The uprights extend generally upward from the frame 11 with a
slight rearward sweep. Handles extend transversely to the top of
each upright in a generally T-shaped orientation with the upright.
The top of the T is the handle and the downwardly extending portion
of the T is the upright. The handles are arranged generally in the
same plane as their respective underlying side members. The handles
define a first section connected with the uprights and a second
rearwardly section extending angularly oriented with respect to the
first section. The handle is adapted for use to grasp during use of
the exercise device 10. A console 13 is supported between the first
sections of the handles. The console 13 includes one or more cup
holders, an exercise display, one or more depressions adapted to
hold keys, cell phone or other personal items. The console 13 is
best shown in FIG. 1.
[0037] The front rollers 24, 34 are rotatably supported at the
front of each treadle frame and the rear rollers 22, 32 are
pivotally supported at the rear of each treadle frame. To adjust
the treadle belt tension and tracking, the front or rear rollers
may be adjustable connected with the treadle frame.

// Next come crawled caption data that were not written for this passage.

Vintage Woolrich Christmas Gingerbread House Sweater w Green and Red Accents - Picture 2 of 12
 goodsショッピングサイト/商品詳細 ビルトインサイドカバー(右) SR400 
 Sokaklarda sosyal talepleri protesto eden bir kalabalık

Each roller can
be adjustably connected with the front of each respective treadle
frame. The front roller 24, 34 may include an axle extending
outwardly from both ends of the roller.
[0038] The belt decks are located on the top of each treadle frame.

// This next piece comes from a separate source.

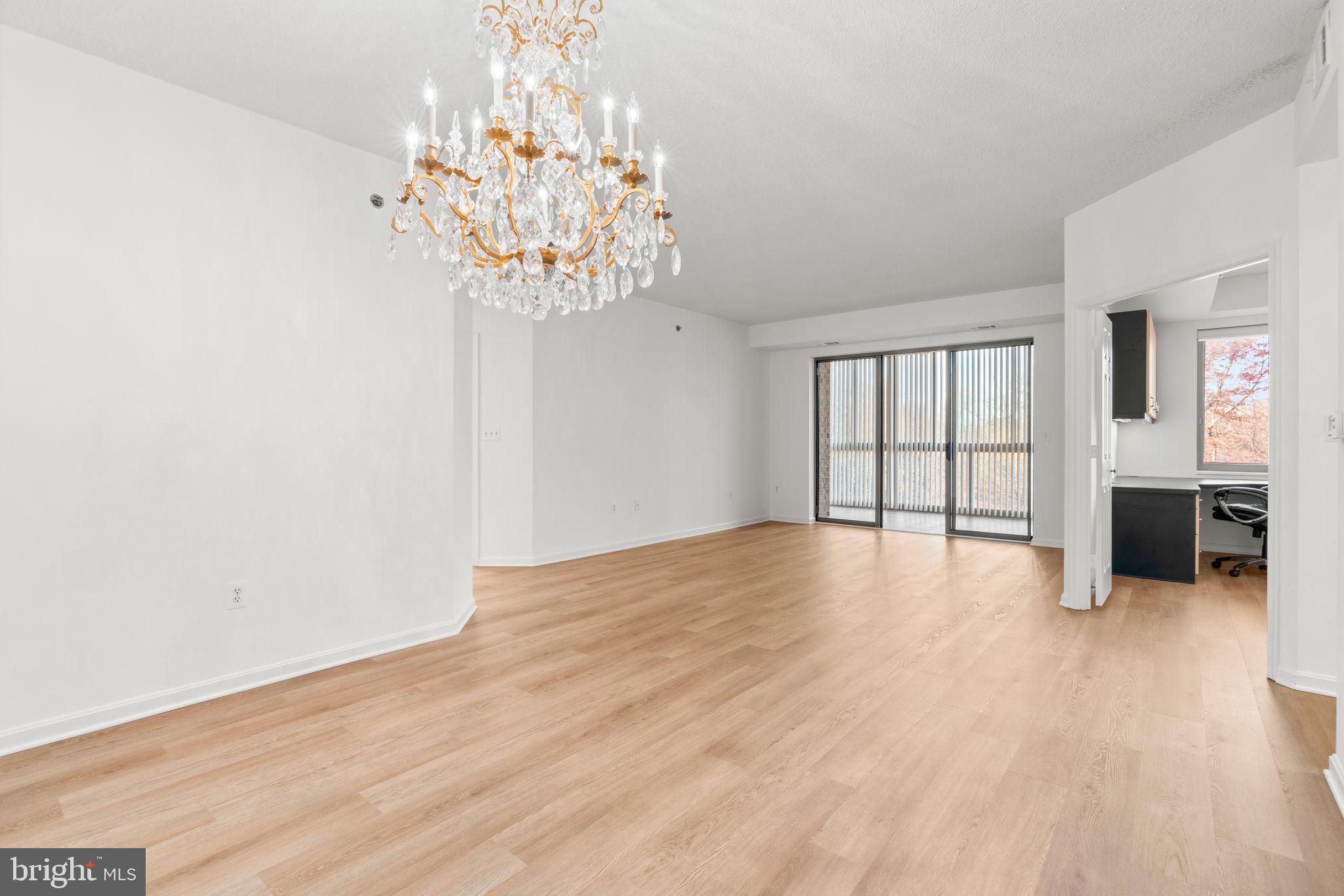 CREEKSIDE AT LEISURE WORLD - Residential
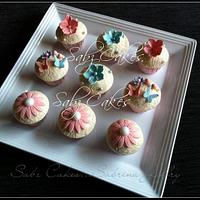 Ivory cupcakes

The deck may be bolted to the treadle frame, may be secured to the
frame 11 in combination with a deck cushioning or deck suspension
system, or may be loosely mounted on the treadle frame. Each belt
deck is located between the respective front and rear rollers of
each treadle assembly 20, 30. The belt decks are dimensioned to
provide a landing platform for most or all of the upper run of the
treadle belts 26, 36.
[0039] The front of each treadle assembly 20, 30 may be supported
above the frame 11 by one or more dampening elements, not shown, an
interconnect member, not shown, or a combination thereof so that
each treadle assembly 20, 30 may pivot up and down with respect to
the lower frame. The rear of each treadle assembly 20, 30 is
pivotally supported at the rear of the frame 11 by a resistance
system 100 to provide resistance or dampening of the downward
movement of the treadles 20, 30. When the user steps on a treadle,
the treadle (including the belt) will pivot downwardly. As will be
described in greater detail below, the treadle assemblies 20, 30
may be interconnected such that downward or upward movement of one
treadle assembly will cause a respective upward or downward
movement of the other treadle assembly. Thus, when the user steps
on one treadle, it will pivot downwardly while the other treadle
assembly will pivot upwardly. With the treadle assemblies 20, 30
configured to move up and down and the tread belts 26, 36
configured to provide a moving striding surface, the user may
achieve an exercise movement that encompasses a combination of
striding and stepping.
[0040] FIG. 4 is a bottom diagrammatic view of the dual deck
treadmill exercise device 10 of FIG. 2 showing an interconnect
assembly. To not unnecessarily block the view of the interconnect
structure or assembly, the frame reel is not shown in FIG. 4. Other
components of the exercise device 10 are also not shown in FIG. 4
to not unnecessarily hide the view of various features of the
interconnect assembly 200. Some such interconnection assemblies are
described in various applications incorporated by reference.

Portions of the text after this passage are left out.